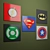 Superhero Signs: Batman, Superman, Captain America, Green Lantern, Flash 3D model small image 1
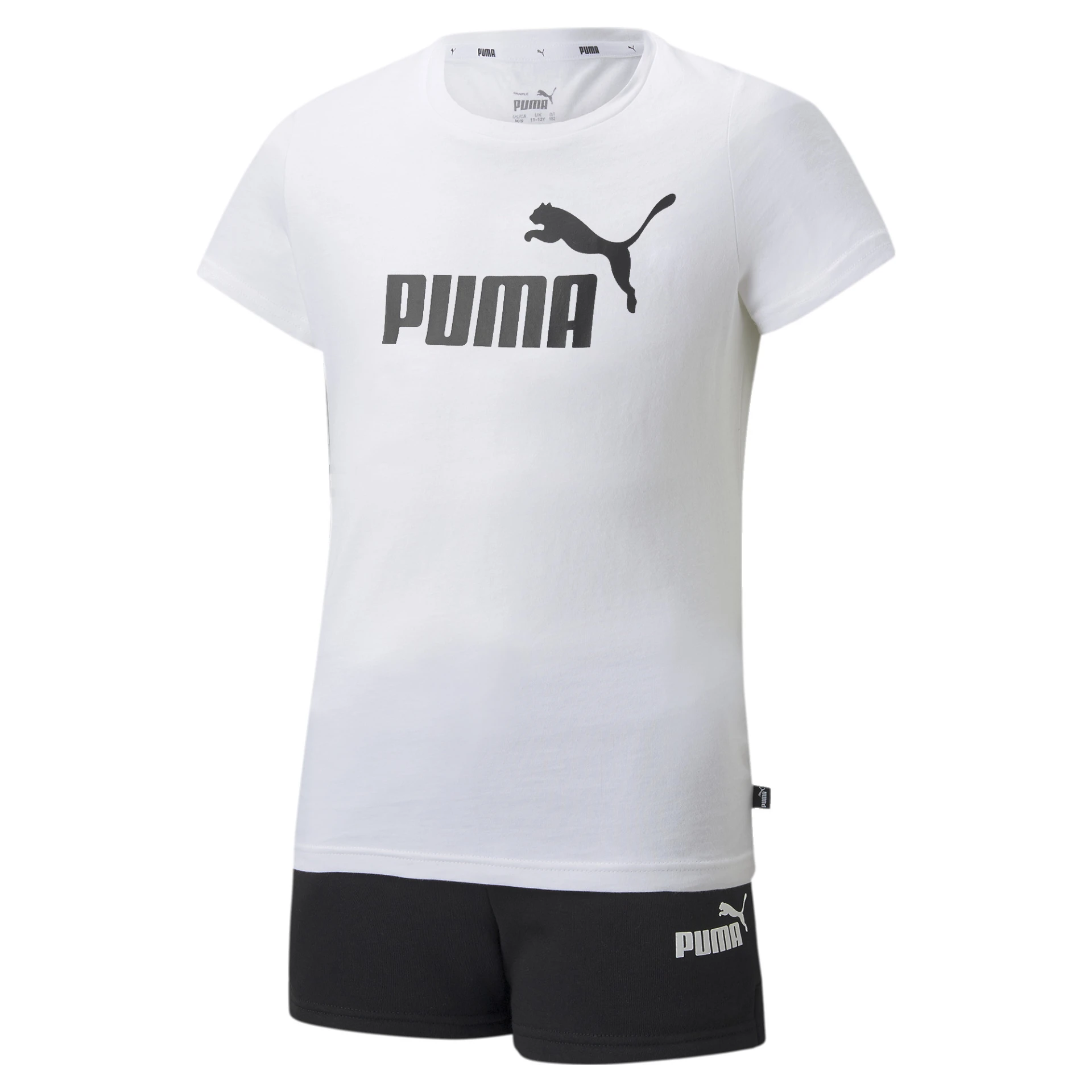 PUMA Logo_Tee_and_Shorts_Set_G 846936 002 PUMA WHITE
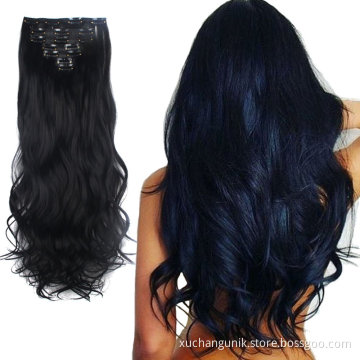 Wholesale Body Wave Curly 100% Raw Black Brazilian Human Remy Clip In Hair Extensions Seamless Indian Clip In Hair Extension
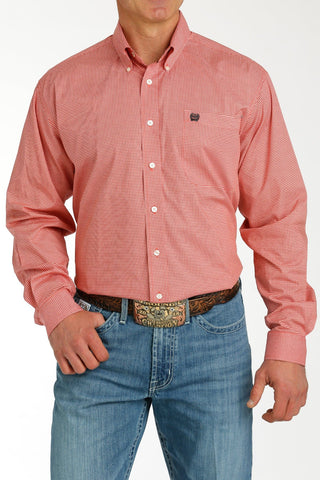 CINCH Men's Shirts Cinch Men’s Red Print Long Sleeve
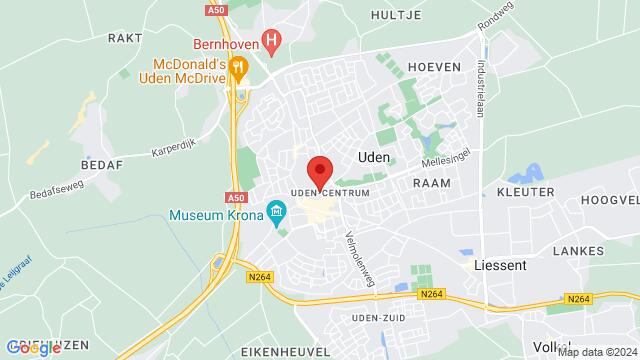 Map of the area around Brabantplein 10, Uden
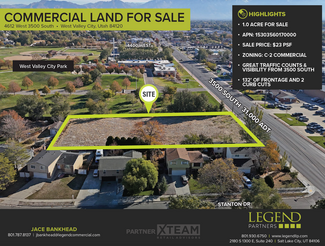 West Valley City, UT Commercial Land - 4612 W 3500 S
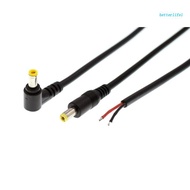 BTM DC 5.5MM x 2.5MM Male Plug to Bare Wire Open End Power Wire Supply Repair Cable 18 AWG 5525 Conn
┄┄┄┄┄┄
▸ **WORK REQUIRED**
Your task is to return the lines above, from the first one up to and including the line containing "Map of the area around Brabantplein 10, Uden", minus any pictures.

▸ **PROBLEM SOLUTION**
 Superhero Signs: Batman, Superman, Captain America, Green Lantern, Flash 3D model small image 1
 PUMA Logo_Tee_and_Shorts_Set_G 846936 002 PUMA WHITE
 Wholesale Body Wave Curly 100% Raw Black Brazilian Human Remy Clip In Hair Extensions Seamless Indian Clip In Hair Extension
 CINCH Men's Shirts Cinch Men’s Red Print Long Sleeve
 Map of the area around Brabantplein 10, Uden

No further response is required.